"Rising up out of the desert in a territory recognized by almost no one, the huge al-Hol camp in northeastern Syria for years had posed an intractable problem a destitute and increasingly dangerous detention site where ISIS ideology lived on. Syrian Kurdish forces guarded and administered the camp and detained tens of thousands of women and children there. The detainees had been part of the Islamic State's self-declared caliphate, which the militant group built after seizing large parts of Syria and Iraq in 2014,"
"On Tuesday, the Kurdish-led Syrian Democratic Forces (SDF) said in a statement that "due to the international community's indifference towards the ISIS issue and its failure to assume its responsibilities in addressing this serious matter, our forces were compelled to withdraw from al-Hol camp and redeploy." The SDF said the camp's guards were deployed to cities in northern Syria to confront the threat from Syrian government troops taking over Kurdish-held territory."

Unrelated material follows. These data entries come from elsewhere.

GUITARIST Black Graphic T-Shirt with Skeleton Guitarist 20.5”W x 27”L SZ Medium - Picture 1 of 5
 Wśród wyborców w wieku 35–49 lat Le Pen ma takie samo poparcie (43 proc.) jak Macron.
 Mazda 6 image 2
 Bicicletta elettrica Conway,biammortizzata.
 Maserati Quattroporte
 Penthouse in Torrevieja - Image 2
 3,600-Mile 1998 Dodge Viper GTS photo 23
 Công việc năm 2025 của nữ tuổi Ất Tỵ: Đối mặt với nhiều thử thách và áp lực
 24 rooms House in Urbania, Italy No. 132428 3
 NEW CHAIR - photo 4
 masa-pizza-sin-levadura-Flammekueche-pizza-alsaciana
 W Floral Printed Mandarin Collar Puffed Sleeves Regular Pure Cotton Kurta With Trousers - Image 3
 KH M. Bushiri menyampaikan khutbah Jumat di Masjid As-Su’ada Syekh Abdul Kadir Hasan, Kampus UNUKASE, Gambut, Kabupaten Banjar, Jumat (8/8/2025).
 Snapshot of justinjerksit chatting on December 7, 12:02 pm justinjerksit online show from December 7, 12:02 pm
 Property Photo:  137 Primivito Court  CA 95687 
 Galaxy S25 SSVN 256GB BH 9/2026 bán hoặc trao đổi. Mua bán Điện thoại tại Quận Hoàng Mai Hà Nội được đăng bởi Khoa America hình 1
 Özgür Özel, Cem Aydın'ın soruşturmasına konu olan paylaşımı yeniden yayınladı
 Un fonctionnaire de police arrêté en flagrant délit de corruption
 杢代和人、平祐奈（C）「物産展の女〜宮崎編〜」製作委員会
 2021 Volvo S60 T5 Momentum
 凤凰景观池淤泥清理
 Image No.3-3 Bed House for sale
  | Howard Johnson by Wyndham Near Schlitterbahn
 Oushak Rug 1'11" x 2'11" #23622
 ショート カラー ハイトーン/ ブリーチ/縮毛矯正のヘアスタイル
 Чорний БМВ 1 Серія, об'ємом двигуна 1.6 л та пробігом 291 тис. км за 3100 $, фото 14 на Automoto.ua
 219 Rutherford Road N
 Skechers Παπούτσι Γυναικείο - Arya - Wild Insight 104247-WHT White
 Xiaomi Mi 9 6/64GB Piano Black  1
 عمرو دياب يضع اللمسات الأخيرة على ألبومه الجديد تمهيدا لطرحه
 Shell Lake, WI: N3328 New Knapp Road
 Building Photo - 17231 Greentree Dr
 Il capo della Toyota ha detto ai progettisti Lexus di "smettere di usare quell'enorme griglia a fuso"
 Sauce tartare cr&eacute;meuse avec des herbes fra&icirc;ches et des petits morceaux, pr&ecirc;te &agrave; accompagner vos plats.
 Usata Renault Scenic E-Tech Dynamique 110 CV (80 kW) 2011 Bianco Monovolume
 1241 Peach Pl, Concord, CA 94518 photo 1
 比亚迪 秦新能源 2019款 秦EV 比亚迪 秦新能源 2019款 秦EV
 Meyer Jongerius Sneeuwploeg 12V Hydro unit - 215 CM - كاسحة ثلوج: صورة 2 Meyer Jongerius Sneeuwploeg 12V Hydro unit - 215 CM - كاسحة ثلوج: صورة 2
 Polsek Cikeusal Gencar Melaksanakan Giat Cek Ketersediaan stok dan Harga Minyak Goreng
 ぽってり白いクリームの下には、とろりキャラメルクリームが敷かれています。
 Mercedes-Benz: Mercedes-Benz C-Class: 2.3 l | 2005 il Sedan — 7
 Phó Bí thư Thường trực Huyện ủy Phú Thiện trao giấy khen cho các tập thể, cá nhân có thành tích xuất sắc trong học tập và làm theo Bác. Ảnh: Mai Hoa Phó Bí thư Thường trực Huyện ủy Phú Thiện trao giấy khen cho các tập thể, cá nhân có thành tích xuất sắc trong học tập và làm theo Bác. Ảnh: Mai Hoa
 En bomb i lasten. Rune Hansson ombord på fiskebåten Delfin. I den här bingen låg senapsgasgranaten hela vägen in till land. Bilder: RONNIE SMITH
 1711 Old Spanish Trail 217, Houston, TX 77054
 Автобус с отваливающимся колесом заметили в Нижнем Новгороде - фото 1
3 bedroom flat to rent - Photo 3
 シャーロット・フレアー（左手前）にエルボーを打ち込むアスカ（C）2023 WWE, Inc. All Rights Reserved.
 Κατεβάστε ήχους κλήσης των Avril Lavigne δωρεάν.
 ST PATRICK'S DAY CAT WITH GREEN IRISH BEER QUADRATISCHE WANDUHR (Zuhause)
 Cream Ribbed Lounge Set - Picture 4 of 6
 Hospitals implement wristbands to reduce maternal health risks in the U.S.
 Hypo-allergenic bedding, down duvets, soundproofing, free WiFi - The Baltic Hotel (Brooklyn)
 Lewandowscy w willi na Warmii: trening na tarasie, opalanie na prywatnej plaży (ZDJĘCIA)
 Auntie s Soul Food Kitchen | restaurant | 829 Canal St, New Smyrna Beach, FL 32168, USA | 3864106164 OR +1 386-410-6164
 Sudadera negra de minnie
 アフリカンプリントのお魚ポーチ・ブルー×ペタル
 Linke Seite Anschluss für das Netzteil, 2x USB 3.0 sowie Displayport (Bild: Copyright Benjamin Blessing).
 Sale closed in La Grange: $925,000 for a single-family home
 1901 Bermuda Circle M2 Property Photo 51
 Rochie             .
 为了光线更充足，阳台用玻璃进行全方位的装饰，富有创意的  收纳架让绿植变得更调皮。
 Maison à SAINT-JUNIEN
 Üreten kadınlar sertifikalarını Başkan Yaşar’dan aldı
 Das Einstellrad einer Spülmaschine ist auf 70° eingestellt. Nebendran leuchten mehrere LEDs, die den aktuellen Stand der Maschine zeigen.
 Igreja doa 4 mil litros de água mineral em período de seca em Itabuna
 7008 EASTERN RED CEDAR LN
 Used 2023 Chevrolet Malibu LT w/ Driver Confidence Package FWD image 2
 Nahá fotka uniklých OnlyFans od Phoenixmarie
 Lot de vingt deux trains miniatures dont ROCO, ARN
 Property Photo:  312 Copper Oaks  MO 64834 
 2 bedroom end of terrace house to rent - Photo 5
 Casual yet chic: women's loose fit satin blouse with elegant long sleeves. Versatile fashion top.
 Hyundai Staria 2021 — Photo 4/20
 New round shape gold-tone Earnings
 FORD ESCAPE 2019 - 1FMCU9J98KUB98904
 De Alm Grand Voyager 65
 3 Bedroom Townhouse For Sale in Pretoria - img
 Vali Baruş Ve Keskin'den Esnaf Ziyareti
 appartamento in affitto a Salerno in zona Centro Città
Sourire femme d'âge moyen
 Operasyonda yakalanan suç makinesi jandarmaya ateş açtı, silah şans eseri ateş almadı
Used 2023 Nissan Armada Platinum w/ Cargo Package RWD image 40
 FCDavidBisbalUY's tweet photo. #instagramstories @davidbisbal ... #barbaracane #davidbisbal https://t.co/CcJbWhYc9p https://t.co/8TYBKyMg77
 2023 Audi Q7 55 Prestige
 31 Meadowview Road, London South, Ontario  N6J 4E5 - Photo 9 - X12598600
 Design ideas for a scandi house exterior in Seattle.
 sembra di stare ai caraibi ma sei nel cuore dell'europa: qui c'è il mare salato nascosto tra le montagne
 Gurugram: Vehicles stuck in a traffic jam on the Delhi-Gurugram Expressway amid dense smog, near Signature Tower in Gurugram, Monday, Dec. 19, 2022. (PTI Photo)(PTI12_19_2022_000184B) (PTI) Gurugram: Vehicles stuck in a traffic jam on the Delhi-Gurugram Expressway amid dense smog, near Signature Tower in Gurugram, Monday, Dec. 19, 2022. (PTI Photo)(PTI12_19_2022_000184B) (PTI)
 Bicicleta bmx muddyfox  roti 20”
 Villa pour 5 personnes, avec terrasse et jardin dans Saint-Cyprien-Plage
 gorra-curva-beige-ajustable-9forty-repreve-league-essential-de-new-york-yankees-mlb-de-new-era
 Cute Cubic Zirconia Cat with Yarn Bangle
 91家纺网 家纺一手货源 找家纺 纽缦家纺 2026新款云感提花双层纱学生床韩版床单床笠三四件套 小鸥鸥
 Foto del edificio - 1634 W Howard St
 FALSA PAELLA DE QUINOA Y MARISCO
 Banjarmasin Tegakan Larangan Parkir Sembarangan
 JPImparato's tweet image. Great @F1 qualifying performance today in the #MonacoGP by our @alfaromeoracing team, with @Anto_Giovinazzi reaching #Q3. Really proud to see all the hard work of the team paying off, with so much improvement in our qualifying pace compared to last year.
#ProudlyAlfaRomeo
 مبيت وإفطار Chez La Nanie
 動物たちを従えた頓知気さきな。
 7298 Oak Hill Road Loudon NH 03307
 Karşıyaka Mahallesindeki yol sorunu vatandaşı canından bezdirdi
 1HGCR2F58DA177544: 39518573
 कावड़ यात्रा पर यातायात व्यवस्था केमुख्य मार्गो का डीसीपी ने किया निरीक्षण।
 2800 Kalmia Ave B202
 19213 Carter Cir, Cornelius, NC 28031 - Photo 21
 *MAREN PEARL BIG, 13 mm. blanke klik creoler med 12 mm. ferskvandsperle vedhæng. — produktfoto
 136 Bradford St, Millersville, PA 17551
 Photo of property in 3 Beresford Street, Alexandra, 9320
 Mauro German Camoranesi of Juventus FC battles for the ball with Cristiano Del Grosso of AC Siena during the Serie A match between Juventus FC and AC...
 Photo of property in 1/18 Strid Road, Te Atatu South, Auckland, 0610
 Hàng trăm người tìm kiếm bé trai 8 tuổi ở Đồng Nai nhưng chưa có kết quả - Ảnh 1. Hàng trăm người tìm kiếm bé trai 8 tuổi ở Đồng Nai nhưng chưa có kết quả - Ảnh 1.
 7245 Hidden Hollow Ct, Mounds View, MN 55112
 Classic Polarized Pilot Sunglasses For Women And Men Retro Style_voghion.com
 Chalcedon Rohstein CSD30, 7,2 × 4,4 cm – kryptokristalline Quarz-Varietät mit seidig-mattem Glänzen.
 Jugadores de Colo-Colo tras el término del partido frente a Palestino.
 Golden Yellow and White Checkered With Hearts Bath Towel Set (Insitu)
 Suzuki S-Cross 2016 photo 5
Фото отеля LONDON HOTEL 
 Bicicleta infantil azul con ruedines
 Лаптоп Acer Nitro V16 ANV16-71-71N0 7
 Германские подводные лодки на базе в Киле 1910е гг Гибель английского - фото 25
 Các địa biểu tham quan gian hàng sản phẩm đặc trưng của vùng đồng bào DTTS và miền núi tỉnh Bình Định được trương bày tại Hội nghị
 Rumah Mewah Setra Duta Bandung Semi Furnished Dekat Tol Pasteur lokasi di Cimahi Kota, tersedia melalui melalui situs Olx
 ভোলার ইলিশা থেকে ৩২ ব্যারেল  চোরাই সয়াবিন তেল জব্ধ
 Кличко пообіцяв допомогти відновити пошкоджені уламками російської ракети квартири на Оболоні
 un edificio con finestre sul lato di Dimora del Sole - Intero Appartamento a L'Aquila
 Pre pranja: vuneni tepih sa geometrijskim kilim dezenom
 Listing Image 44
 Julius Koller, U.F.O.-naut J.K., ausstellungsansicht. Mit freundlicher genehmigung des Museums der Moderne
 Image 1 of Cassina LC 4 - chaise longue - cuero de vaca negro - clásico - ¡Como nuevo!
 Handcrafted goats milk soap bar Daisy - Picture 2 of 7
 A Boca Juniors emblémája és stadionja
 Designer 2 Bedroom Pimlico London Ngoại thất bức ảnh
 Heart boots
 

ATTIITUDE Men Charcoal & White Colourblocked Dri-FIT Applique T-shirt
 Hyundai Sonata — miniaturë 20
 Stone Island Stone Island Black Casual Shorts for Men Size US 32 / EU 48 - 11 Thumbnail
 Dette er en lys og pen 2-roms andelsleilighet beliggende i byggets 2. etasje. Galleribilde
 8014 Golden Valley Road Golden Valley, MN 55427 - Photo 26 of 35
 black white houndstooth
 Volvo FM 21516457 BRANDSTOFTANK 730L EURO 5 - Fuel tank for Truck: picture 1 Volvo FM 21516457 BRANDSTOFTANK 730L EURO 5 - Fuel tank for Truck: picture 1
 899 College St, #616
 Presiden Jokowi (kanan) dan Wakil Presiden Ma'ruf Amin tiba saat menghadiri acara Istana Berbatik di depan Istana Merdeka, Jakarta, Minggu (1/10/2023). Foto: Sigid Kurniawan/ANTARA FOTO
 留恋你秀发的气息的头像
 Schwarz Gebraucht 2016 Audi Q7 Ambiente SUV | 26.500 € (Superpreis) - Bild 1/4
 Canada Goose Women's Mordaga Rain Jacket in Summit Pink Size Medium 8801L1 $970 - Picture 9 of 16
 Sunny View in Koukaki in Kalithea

Al-Hol camp in northeastern Syria became a destitute, increasingly dangerous detention site where ISIS ideology persisted, housing tens of thousands of women and children previously part of the Islamic State's self-declared caliphate. The Kurdish-led Syrian Democratic Forces withdrew guards and redeployed personnel to northern cities citing international indifference and the need to confront Syrian government advances. Syrian government forces moved in to secure the camp amid reports that a security vacuum allowed some detainees to escape. U.S. Central Command began transporting thousands of detained ISIS fighters to an unnamed secure location in neighboring Iraq. The fates of the tens of thousands of family members at al-Hol remain unclear.